Available data:
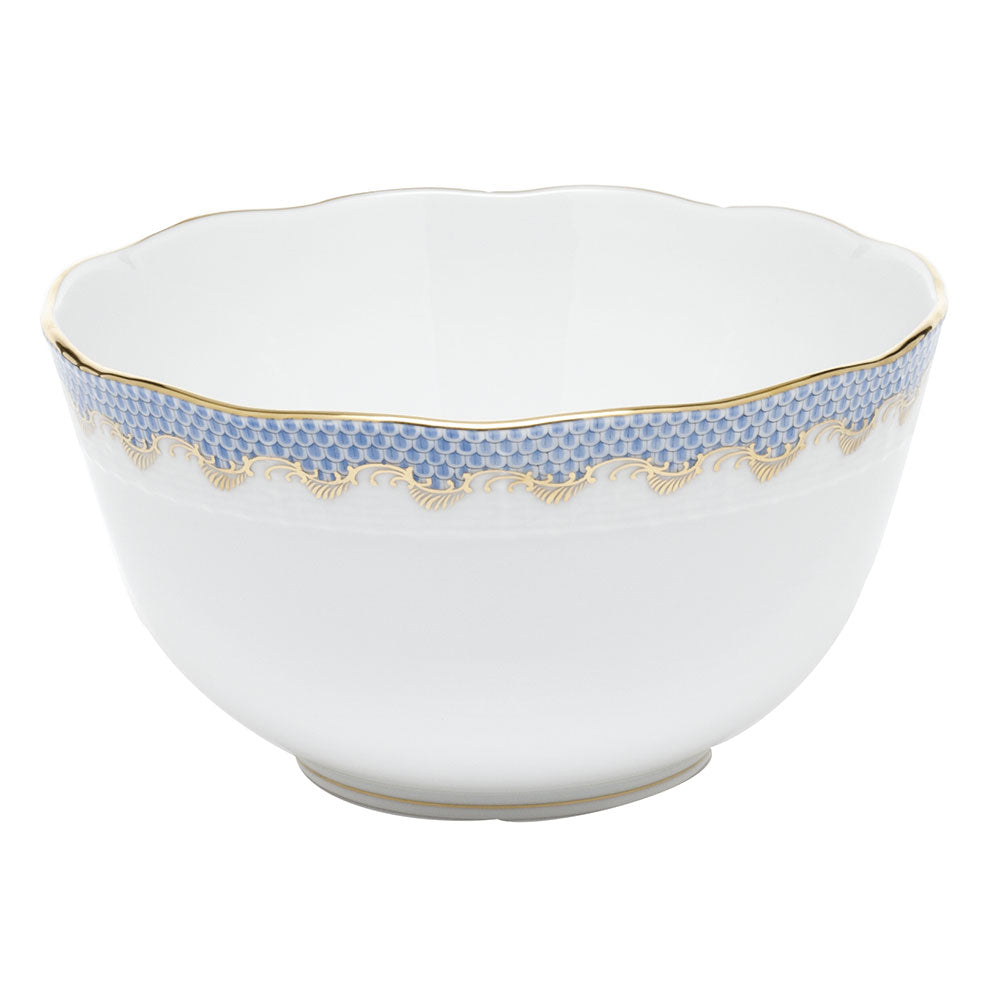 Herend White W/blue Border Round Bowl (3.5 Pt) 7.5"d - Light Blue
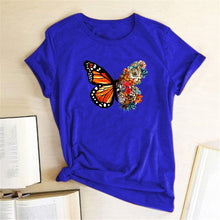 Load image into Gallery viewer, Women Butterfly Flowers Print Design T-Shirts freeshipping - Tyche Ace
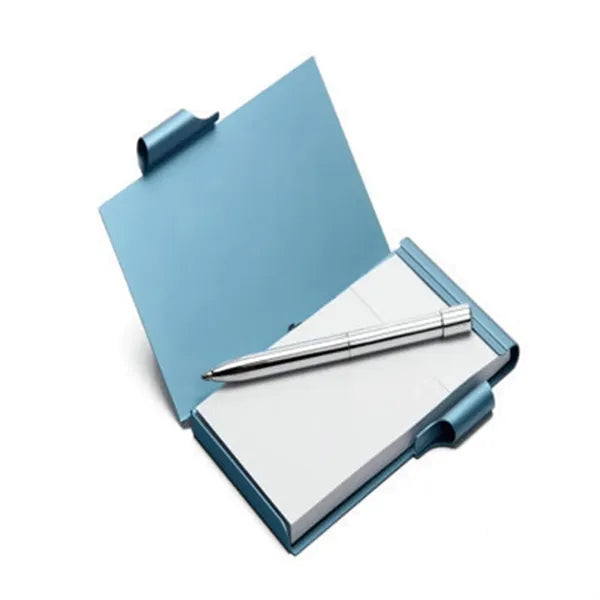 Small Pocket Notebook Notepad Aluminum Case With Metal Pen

==

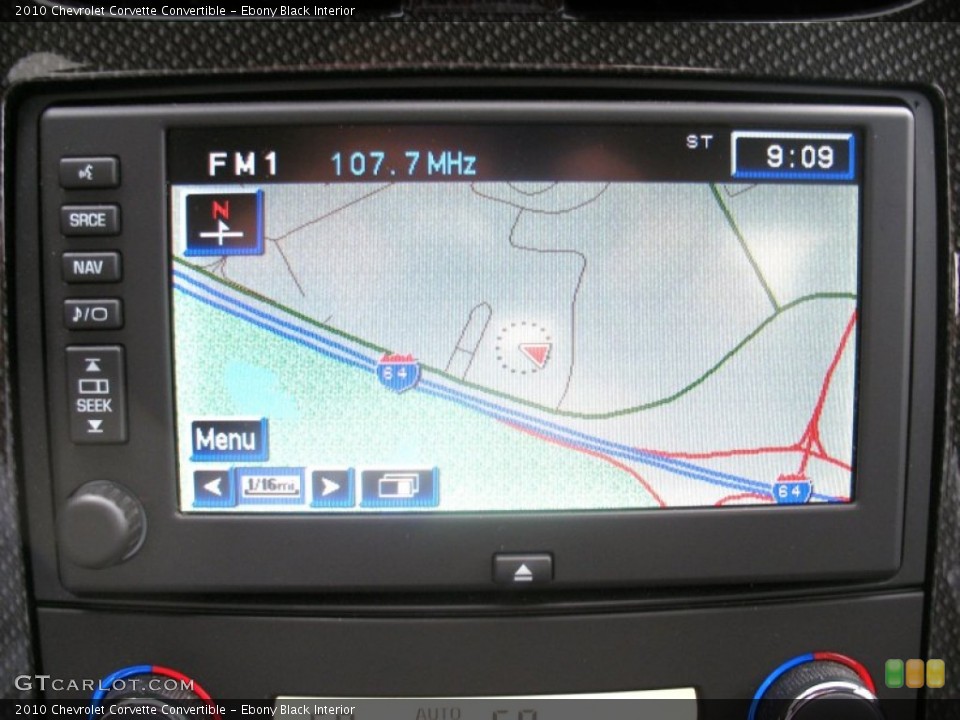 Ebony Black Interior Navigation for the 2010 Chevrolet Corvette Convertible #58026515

About this task:
Copy needed, without pictures: the lines of the listing above from the line containing "Herend White W/blue" up to and including the line containing "Small Pocket Notebook", set down exactly.

Solution to this task:
 Herend White W/blue Border Round Bowl (3.5 Pt) 7.5"d - Light Blue
 Load image into Gallery viewer, Women Butterfly Flowers Print Design T-Shirts freeshipping - Tyche Ace
 Small Pocket Notebook Notepad Aluminum Case With Metal Pen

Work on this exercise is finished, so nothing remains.